Wimperis, Simpson and Guthrie were a London-based firm active between the mid-1920s and the mid-1940s. Edmund Walter Wimperis (1865–1946), son of Edmund Morison Wimperis (1835–1900), entered into partnership with William Begg Simpson (1880–1959) in 1913. Their main commission as a pair was the rebuild of the Fortnum & Mason store in 1923. Leonard Rome Guthrie (1880–1958) joined two years later when the architects were working with Edwin Lutyens on Grosvenor House in London. They were known to have designed some buildings in Scotland and others in London.

Marine Gate is a u-shaped building on a large elevated plot. It is steel-framed and brick-built; after many changes the brickwork is now painted white, with entrance portals in Bauhaus red, yellow and blue. Each flat has a round window to the bathroom; these porthole-style openings "give a vaguely nautical air". It is International/Modernist style, as seen in several 1920s and 1930s buildings around the city. Integral fitted furniture was provided, and each flat has "indisputable spaciousness and elegant proportions". The steel framing has allowed for changes to be made in the interior layout, as the internal walls are not load-bearing.

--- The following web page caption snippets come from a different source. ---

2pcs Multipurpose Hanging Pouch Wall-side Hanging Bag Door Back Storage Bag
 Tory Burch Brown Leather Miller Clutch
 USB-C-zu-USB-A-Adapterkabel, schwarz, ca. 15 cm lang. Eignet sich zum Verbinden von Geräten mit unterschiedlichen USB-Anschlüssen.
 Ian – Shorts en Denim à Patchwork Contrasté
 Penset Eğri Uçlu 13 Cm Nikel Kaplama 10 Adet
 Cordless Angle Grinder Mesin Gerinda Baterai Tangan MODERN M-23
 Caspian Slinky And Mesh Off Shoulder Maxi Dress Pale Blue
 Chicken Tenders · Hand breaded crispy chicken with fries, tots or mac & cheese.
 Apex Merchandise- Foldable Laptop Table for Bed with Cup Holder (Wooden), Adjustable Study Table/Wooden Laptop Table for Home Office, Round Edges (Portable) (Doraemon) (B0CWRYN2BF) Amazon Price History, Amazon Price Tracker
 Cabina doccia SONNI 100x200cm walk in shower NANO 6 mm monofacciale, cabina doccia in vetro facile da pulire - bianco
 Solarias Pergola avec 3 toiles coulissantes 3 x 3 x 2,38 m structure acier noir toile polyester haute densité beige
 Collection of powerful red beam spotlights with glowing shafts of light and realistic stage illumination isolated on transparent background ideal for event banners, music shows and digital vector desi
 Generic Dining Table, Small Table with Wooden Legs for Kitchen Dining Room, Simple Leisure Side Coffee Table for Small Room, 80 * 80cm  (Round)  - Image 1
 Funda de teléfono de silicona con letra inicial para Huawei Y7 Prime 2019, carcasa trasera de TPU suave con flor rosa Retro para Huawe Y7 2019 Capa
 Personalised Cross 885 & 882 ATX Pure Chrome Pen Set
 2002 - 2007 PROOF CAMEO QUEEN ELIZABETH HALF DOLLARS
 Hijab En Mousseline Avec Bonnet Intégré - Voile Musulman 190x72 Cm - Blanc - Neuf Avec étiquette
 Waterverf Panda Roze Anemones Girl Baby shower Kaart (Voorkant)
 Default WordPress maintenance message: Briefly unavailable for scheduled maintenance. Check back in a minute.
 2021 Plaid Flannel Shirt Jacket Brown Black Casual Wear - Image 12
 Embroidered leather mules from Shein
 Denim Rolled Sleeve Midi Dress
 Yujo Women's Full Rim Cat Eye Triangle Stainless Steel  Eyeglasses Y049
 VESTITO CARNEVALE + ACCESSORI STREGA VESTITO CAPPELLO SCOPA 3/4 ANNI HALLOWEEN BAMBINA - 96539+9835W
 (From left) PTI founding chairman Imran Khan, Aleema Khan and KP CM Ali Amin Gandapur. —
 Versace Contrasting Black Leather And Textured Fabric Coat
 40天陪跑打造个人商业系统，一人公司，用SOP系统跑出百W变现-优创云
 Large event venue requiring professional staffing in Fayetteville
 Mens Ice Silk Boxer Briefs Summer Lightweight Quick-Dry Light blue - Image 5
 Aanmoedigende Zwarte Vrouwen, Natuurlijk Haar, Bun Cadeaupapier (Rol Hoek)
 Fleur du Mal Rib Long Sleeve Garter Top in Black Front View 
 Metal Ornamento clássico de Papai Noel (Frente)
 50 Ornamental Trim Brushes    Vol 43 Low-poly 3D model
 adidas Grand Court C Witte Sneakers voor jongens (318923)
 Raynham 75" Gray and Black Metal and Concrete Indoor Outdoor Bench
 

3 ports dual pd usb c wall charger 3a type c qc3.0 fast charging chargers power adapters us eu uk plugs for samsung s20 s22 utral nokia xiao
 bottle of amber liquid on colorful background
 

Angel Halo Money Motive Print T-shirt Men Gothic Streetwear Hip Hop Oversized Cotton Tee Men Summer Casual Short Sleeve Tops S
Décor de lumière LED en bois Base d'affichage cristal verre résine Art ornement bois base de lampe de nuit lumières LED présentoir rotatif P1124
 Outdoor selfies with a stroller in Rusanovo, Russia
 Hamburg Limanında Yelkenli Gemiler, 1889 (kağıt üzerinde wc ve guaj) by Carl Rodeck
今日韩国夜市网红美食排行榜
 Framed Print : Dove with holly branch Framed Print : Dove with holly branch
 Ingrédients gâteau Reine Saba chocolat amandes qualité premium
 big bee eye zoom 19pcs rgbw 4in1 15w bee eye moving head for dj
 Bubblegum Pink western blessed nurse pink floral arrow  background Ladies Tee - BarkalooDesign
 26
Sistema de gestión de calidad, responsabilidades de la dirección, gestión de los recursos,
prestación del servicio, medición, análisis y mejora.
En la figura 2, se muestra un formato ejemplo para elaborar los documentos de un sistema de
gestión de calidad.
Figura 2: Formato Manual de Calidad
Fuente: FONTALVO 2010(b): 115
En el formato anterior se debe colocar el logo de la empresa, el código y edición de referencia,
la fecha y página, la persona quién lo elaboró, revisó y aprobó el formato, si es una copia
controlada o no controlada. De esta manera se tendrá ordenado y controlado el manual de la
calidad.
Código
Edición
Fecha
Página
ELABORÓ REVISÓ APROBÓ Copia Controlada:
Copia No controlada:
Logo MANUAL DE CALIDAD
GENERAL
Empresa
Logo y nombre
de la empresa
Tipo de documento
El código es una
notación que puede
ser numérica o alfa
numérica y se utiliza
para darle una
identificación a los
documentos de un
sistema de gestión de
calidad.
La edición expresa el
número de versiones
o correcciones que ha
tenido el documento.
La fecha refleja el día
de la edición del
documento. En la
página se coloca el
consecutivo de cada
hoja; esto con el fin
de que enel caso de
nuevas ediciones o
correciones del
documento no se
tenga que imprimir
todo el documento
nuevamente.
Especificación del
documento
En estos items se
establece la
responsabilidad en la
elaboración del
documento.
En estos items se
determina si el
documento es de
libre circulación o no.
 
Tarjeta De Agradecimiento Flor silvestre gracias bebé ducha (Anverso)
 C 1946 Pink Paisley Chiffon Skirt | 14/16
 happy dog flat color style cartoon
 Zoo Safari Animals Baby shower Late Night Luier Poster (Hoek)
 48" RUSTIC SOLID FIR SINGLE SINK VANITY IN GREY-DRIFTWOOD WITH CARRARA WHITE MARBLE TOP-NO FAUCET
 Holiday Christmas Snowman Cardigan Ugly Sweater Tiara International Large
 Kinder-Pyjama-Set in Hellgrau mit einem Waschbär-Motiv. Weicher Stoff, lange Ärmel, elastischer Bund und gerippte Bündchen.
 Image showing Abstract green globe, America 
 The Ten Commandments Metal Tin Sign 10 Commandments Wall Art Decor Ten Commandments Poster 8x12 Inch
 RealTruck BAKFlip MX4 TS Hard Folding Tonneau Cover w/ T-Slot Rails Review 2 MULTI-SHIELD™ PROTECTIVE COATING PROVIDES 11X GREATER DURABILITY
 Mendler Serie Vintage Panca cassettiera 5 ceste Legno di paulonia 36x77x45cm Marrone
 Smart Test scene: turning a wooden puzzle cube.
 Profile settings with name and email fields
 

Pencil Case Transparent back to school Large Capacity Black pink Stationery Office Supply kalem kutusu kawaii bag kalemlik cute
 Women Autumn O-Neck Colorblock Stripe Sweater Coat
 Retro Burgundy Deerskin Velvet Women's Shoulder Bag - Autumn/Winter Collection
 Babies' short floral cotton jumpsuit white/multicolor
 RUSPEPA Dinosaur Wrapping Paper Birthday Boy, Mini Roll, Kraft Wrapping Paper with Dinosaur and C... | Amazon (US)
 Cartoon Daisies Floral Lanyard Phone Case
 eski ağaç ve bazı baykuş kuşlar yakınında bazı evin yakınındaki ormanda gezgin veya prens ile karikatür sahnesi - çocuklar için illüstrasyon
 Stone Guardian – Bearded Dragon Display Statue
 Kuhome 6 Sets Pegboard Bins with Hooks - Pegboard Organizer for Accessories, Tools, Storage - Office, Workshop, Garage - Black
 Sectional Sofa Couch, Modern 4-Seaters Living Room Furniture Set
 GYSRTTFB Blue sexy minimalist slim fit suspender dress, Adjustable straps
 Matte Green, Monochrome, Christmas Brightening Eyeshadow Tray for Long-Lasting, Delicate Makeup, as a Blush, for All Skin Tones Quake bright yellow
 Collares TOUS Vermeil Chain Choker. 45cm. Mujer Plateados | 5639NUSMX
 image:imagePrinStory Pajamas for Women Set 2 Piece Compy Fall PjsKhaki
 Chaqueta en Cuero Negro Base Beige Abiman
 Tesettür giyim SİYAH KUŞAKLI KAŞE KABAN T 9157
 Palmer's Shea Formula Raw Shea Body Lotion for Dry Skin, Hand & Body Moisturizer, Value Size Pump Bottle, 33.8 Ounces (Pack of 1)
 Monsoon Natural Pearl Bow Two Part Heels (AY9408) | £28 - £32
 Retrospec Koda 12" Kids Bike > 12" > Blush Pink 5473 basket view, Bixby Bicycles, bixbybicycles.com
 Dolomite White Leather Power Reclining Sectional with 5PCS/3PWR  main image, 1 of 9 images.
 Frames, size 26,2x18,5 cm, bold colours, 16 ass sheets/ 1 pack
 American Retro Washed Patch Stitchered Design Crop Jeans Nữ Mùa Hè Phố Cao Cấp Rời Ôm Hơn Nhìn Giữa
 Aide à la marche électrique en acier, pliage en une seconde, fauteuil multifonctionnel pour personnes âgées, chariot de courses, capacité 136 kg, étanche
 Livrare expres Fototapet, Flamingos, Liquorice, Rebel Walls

The building is now being recognised for its pioneering architecture and landmark status, and in 2015 Brighton and Hove Council added Marine Gate to its Local List of Heritage Assets. One commentator failed to see its merits: Anthony Seldon placed Marine Gate at seventh place in his list of "The City's Worst Ten Buildings" in 2002 "on account of its insensitivity to its position". He compared it unfavourably to Embassy Court, noting its similarities but finding "little intrinsic architectural interest" in Marine Gate. Local historian Clifford Musgrave however drew positive comparisons with Embassy Court, noting that the two buildings provided "the first challenge to the [Regency] architecture of Brighton", and claiming that Marine Gate's "slightly more elegant modern style" was more suitable to its position because unlike Embassy Court it did not clash directly with older buildings. The "immense building" was also criticised much less at the time of its construction than Embassy Court, again because of its isolated clifftop position. Other writers have described Marine Gate as a "good example of quality Thirties apartments" and, more generally, "...of the many large-scale flats built along the coast" in the interwar period. Other similar contemporary buildings on the seafront include the Grand Ocean Hotel at Saltdean and the Saltdean Lido, both designed in 1938 and both with Moderne and Art Deco touches.